**EXERCISE MATERIALS:**
⟨
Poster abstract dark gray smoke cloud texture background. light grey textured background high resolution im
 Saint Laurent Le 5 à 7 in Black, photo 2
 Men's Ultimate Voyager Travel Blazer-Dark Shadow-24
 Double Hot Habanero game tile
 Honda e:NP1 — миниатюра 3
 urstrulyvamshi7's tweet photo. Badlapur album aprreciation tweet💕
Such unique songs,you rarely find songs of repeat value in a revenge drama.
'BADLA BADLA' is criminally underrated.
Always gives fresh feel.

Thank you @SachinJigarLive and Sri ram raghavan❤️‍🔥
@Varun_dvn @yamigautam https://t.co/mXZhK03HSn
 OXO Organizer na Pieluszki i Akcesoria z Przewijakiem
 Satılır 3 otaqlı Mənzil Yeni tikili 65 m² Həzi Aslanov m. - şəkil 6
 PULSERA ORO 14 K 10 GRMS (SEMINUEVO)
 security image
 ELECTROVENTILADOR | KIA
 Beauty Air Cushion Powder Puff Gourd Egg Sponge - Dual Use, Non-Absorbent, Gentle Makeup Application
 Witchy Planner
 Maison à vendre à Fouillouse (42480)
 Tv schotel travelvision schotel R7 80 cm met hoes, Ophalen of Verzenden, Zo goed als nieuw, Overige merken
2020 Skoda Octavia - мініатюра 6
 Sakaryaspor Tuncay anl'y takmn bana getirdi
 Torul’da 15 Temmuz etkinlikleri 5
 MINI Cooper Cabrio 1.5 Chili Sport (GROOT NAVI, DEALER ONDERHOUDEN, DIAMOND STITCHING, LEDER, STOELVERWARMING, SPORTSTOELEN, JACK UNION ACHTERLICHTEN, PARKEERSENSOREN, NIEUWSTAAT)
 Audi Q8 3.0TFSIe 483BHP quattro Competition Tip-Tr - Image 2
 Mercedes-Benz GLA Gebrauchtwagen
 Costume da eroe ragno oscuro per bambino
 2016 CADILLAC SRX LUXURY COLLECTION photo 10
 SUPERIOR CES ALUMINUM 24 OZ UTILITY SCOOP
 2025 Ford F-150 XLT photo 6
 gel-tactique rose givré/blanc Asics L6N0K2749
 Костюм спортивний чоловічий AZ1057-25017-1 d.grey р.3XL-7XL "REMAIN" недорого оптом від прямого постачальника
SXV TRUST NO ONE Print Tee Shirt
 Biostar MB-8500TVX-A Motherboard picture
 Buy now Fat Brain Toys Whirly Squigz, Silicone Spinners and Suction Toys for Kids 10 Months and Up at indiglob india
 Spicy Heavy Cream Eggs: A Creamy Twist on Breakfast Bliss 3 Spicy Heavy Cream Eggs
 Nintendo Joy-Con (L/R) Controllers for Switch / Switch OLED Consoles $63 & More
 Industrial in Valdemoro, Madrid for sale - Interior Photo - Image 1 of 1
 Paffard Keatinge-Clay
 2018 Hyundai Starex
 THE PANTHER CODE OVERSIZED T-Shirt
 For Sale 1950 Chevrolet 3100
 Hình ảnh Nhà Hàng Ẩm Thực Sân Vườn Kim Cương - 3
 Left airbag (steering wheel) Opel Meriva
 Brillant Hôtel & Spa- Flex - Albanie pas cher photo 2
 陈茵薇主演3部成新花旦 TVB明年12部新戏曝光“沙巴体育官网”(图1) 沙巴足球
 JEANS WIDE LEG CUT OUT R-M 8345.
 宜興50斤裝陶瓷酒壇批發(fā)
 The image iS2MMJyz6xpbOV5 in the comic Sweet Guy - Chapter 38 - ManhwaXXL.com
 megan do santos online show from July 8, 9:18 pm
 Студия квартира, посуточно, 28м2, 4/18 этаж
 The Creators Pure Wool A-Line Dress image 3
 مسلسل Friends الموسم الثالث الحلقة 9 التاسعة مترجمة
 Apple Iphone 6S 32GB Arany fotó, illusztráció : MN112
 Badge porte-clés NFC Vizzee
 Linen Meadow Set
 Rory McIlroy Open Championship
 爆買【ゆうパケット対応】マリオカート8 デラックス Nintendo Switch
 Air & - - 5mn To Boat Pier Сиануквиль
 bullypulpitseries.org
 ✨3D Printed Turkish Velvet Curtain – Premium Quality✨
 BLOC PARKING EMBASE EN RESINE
⟩
**WHAT THE EXERCISE ASKS:** When a line of the material holds the string "Shirt", copy that line.

**RESULT FOR THIS TASK:**
SXV TRUST NO ONE Print Tee Shirt
 THE PANTHER CODE OVERSIZED T-Shirt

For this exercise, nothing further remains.